• **What is needed**
Output each line of the data below exactly, omitting any image.
====== Data shown ======
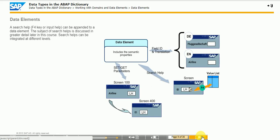On the ABAP dictionary, choose Go To, Translation, or run the transaction code SE63. When specifying the maximum length, remember that the same term in the field label might require more letters in another language.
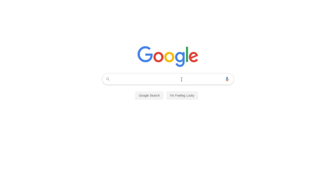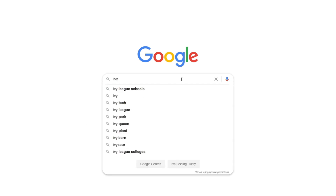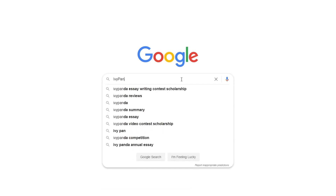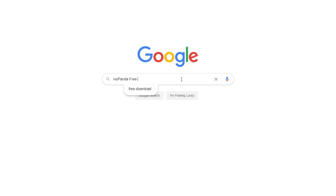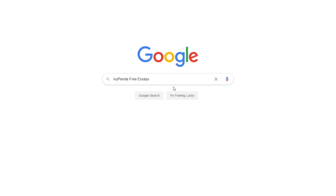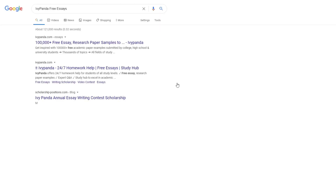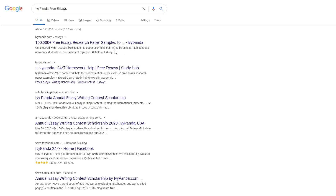This essay example, as well as thousands of others, is available in text format on our website for free and without registration. Simply Google Ivy Panda Free Essays.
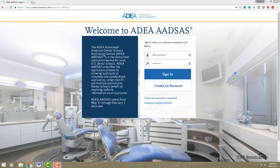What's up bootcampers! Today I want to go over the ADEA AADSAS application and we're going to fill it out together. I'll give you some tips and tricks that you can use when you're filling out the application, so there's no mystery behind the scenes. All right, let's get started.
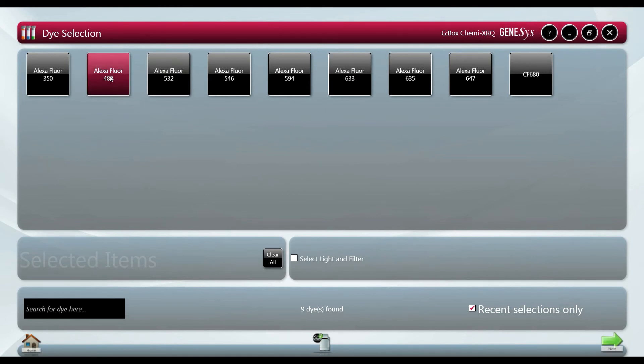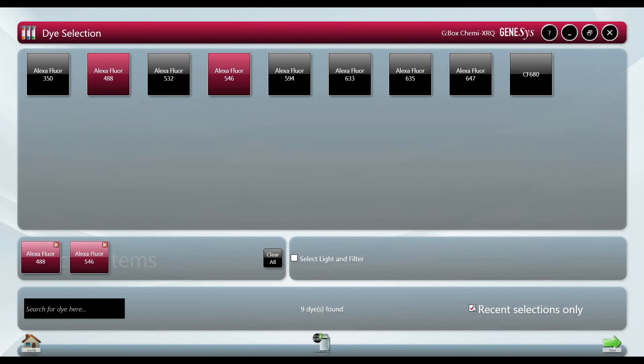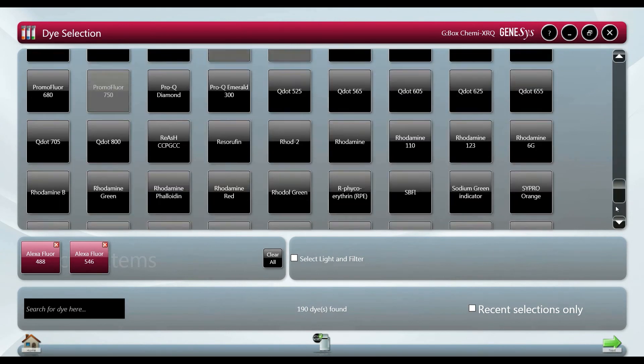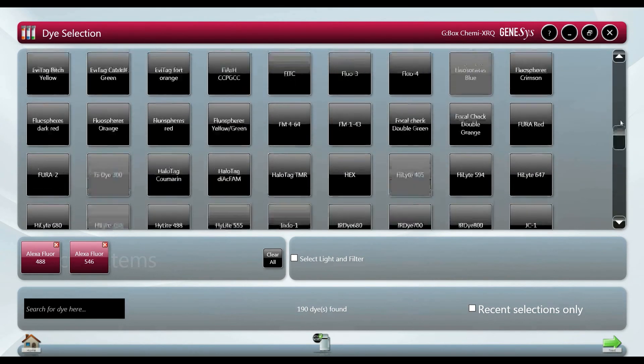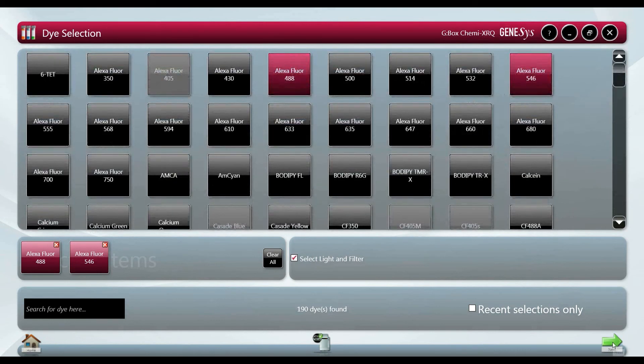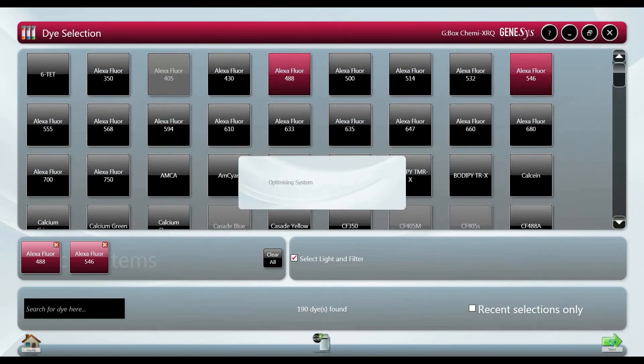The fluorophores used on the blot are chosen so that when you refer back to the images later at a later date the protocol is saved. This also ensures that optimal excitation sources and appropriate emission filters are used to give you the best possible image.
======
• **Output below**
On the ABAP dictionary, choose Go To, Translation, or run the transaction code SE63. When specifying the maximum length, remember that the same term in the field label might require more letters in another language.
This essay example, as well as thousands of others, is available in text format on our website for free and without registration. Simply Google Ivy Panda Free Essays.
What's up bootcampers! Today I want to go over the ADEA AADSAS application and we're going to fill it out together. I'll give you some tips and tricks that you can use when you're filling out the application, so there's no mystery behind the scenes. All right, let's get started.
The fluorophores used on the blot are chosen so that when you refer back to the images later at a later date the protocol is saved. This also ensures that optimal excitation sources and appropriate emission filters are used to give you the best possible image.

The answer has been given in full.